--- DATA IN THIS EXERCISE Enclosed Below ---

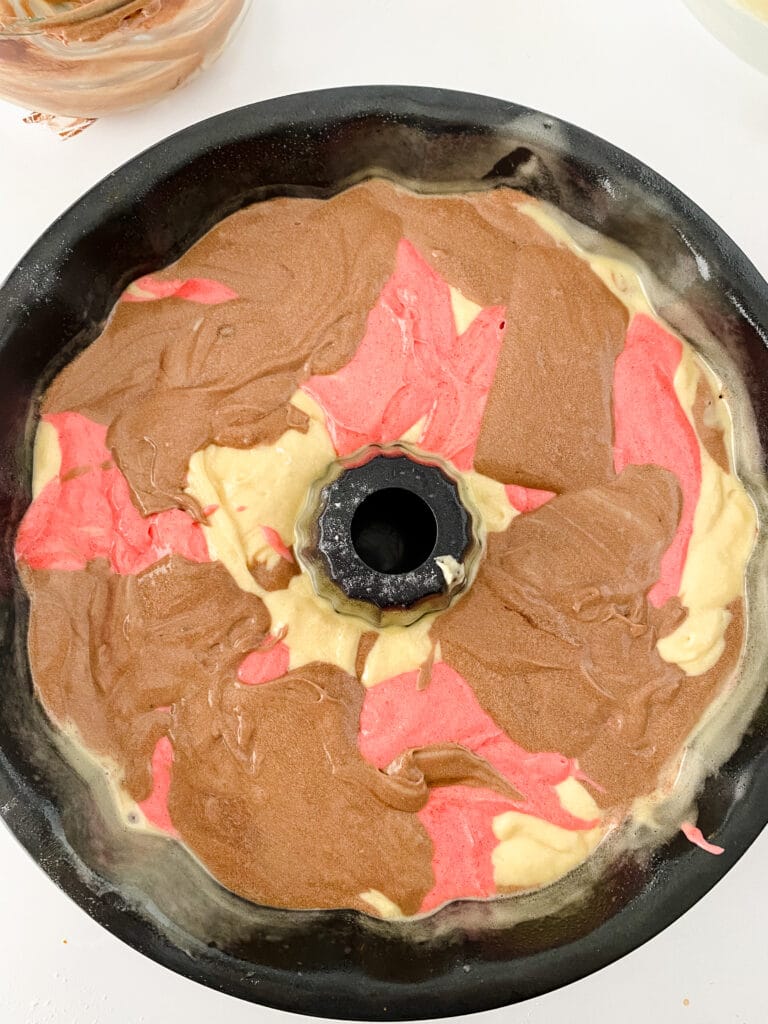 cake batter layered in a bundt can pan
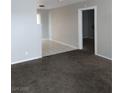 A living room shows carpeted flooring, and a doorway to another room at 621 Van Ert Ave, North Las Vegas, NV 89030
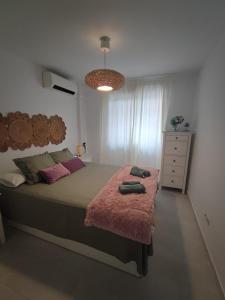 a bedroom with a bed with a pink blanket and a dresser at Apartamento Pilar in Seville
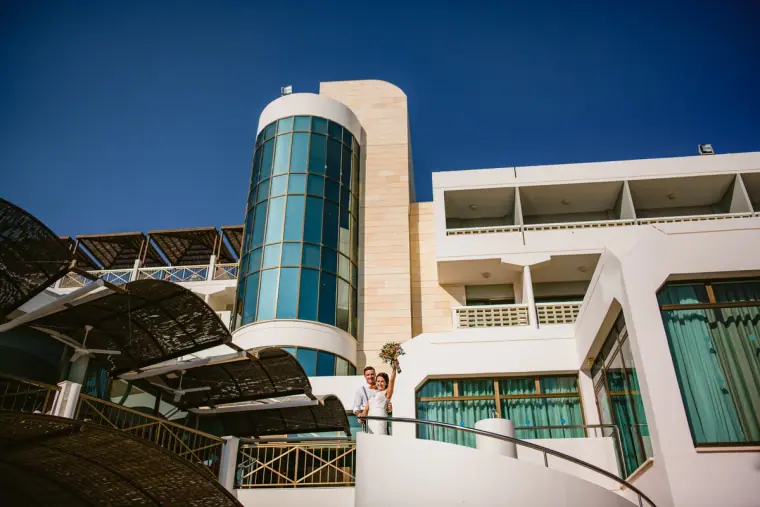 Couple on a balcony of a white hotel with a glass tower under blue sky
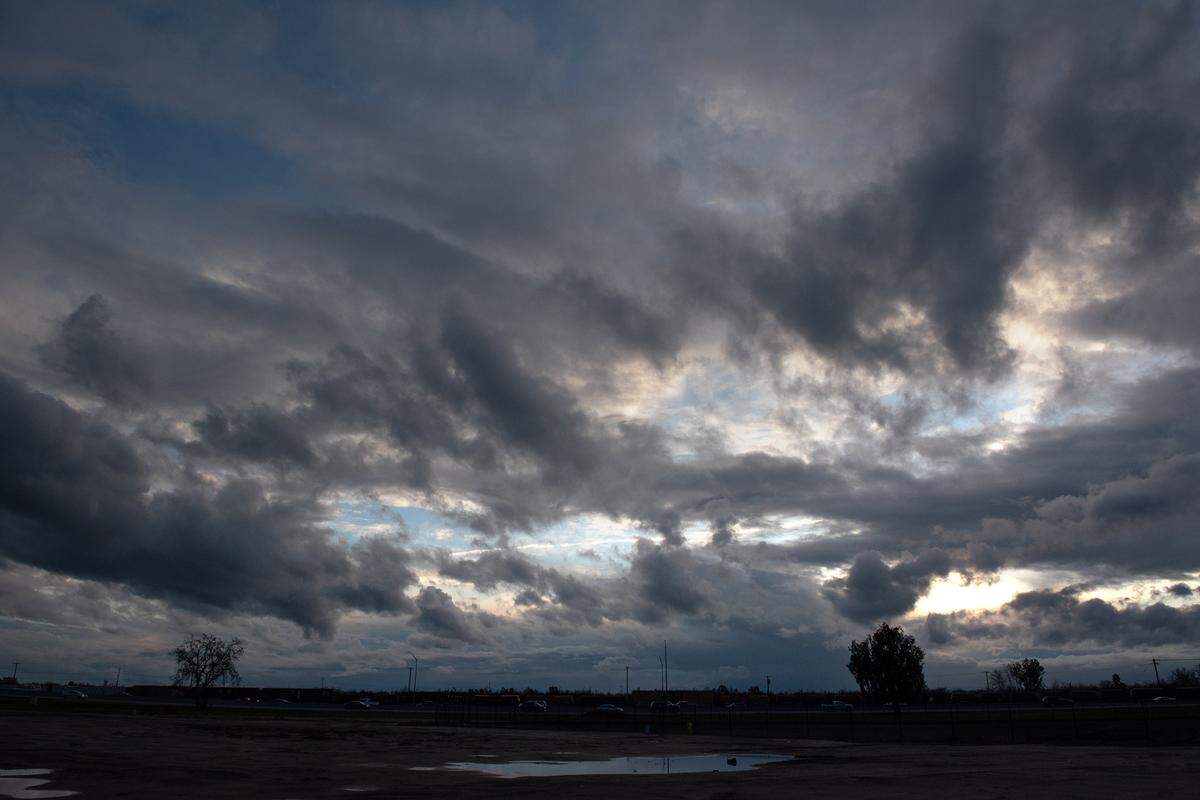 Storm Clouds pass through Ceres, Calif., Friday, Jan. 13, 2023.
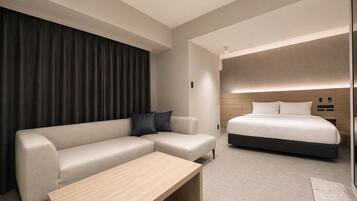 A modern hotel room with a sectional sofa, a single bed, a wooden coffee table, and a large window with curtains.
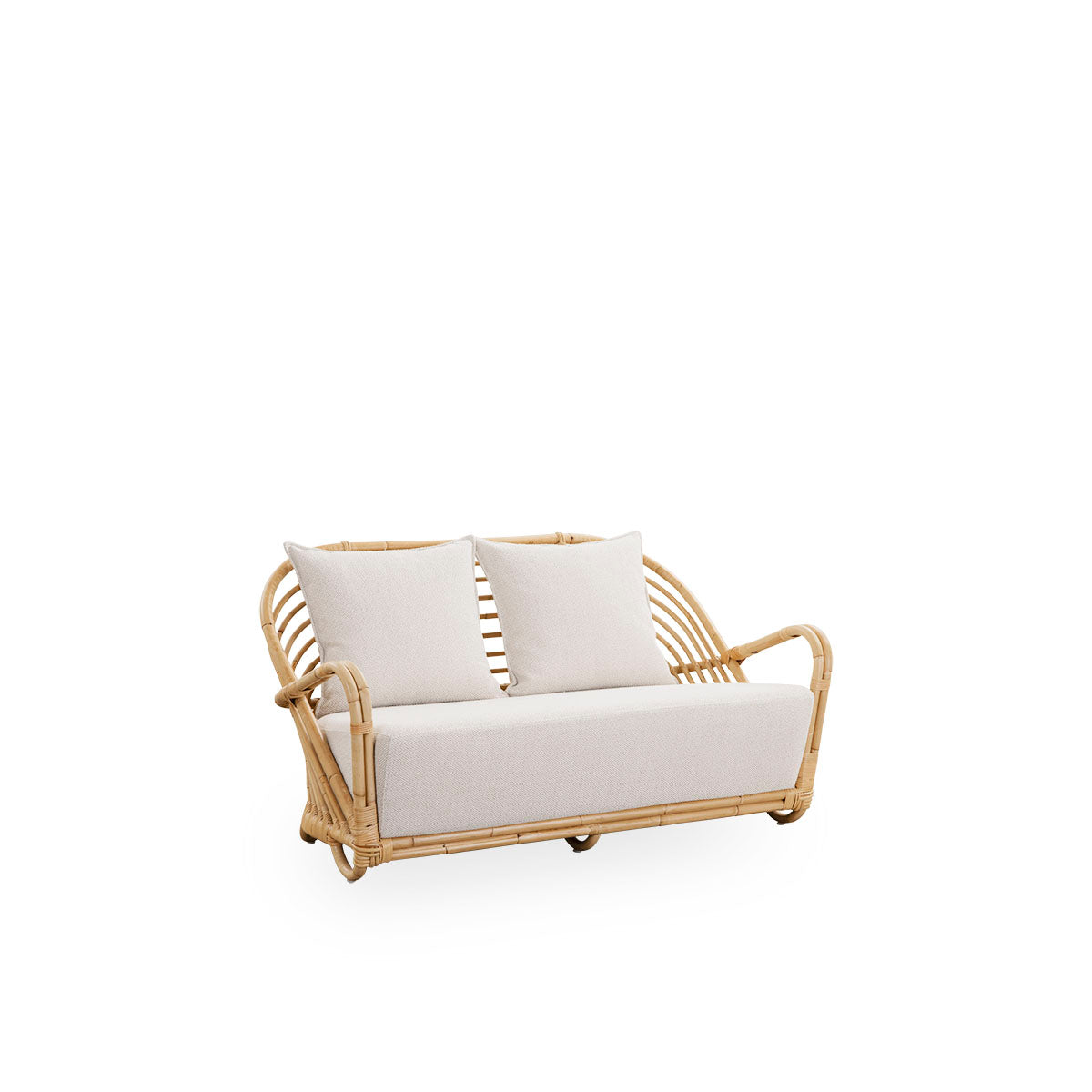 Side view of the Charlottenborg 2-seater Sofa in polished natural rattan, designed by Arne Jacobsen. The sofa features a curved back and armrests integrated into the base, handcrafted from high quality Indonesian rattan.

--- End of Enclosed DATA IN THIS EXERCISE ---
--- DATA IN THIS EXERCISE Enclosed Below ---

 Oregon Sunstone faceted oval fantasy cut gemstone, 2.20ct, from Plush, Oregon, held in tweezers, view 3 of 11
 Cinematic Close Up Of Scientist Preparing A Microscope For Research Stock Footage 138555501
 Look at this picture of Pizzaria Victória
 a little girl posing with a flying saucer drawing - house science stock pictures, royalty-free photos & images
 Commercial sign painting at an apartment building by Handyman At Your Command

--- End of Enclosed DATA IN THIS EXERCISE ---

* ASSIGNMENT *
Beginning with the line that contains "Storm Clouds pass" and ending with the line that contains "Side view of", reproduce the listing exactly, pictures excluded.

* ANSWER SPACE *
 Storm Clouds pass through Ceres, Calif., Friday, Jan. 13, 2023.
 A modern hotel room with a sectional sofa, a single bed, a wooden coffee table, and a large window with curtains.
 Side view of the Charlottenborg 2-seater Sofa in polished natural rattan, designed by Arne Jacobsen. The sofa features a curved back and armrests integrated into the base, handcrafted from high quality Indonesian rattan.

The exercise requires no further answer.